The present study has several limitations. Firstly, the sample size was small for a genetic study, although we found statistically significant differences for adrenaline secretion and brain activation between the 5HTTLPR genotypes, replication with a larger sample would be important. However, Roiser et al. (Citation2006), compared 15 individuals with the SS genotype and 15 with the LL genotype for 5HTTLPR, and reported robust significant differences in behavioral indices in a reaction time task. Neural and physiological responses, rather than behavioral and psychological responses, are usually sensitive to 5HTTLPR genotype (Hariri and Holmes Citation2006); the significant effects of the genotype with PET imaging, cardiovascular, and neuroendocrine parameters in this study are consistent with this pattern. Secondly, complex interactions between 5HTTLPR genotypes, gender, and ethnicity have been reported. For example, compared to white persons, African Americans showed opposite effects of 5HHLPR genotype on their traits; the L allele was associated with higher levels of negative affect (Gelernter et al. Citation1998).
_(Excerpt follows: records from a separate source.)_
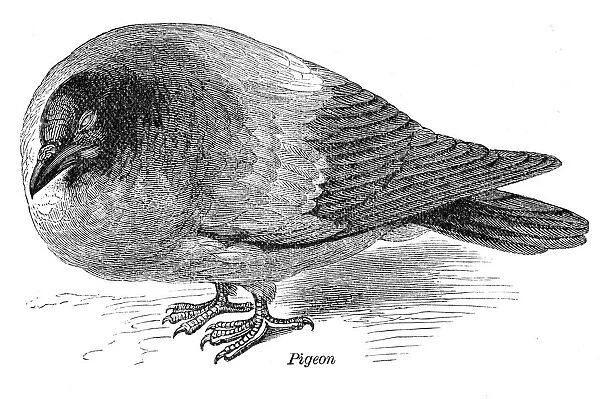 Pigeon engraving anatomy 1872
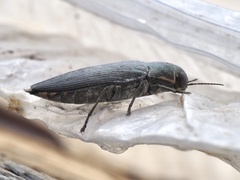 Buprestis dalmatina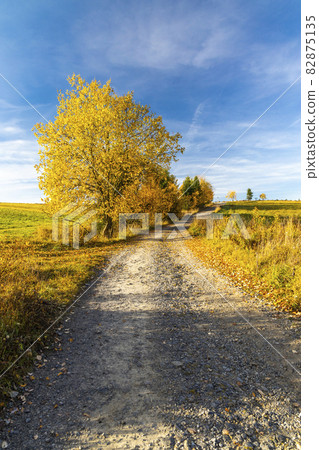 road with autumn tree near saddle Beskyd in Slovakia 82875135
Further, while Japanese male SS carriers show higher levels of trait anxiety than SL and LL carriers, the association of 5HTTLPR genotype and anxiety was reversed in Japanese females (Mizuno et al. Citation2006). Additionally, a gender and ethnicity interaction has been reported for association between 5HTTLPR genotype and cerebrospinal fluid level of 5-hydroxyindoleacetic acid (Williams et al. Citation2003). Thus, whether our findings are specific to Japanese males, or apply to other populations remains to be determined.

In conclusion, despite the limitations, the present study indicates that the S allele for 5HTTLPR is associated with greater reactivity in specific brain regions and in peripheral sympathetic responses to an acute laboratory stress in Japanese men.

Acknowledgements

This work was supported by a Grant-in-Aid for Scientific Research of the Japan Society for the Promotion of Science (No. 16330136) and by a Health and Labour Sciences Research Grant on Research on Occupational Safety and Health from Japan Ministry of Health, Labour, and Welfare (No. H17-RODO-5). The authors thank Dr Shuichi Ueno of Tokushima University for his technical advice. Portions of the present study were presented at the 13th Annual Meeting of the Organization for Human Brain Mapping (Chicago, June 2007). The experiment reported in this article complies with the current law of Japan. The 12th author (SF) contributed to this study equally as the first author (HO).

Declaration of interest: The authors report no conflicts of interest. The authors alone are responsible for the content and writing of the paper.

Notes

1.  Recently it has been shown that the L allele includes an adenine (A) –guanine (G) single nucleotide polymorphism in the repeated structure (Nakamura et al. Citation2000). Unlike the LA allele, the LG allele leads to low 5HTT expression, almost equivalent to that of the S allele (Hu et al. Citation2006). This might cause a wide variation in stress-related 5HTT functions in L allele carriers. However, we chose to conduct main analyses by classifying participants into three genetic groups based on their S and L alleles, because of the small number of participants. Nevertheless, we conducted supplementary analyses for effects of this SNP on each index of psychological, behavioral, physiological, and neuroimaging responses. To distinguish between the LA and LG fragments, the PCR product was digested with MspI (Nippon Gene Inc., Tokyo, Japan) and the resulting polymorphic fragments were separated on a 2% agarose gel (LA: 340, 127, and 62 bp; LG: 174, 166, 127, and 62 bp). It was shown that the SL + LL group in this study comprised 5 SLA participants, 3 SLG participants, 1 LALA participant, and 1 LGLG participant. With the small statistical power, no significant effect of the SNP on any dependent variable was observed.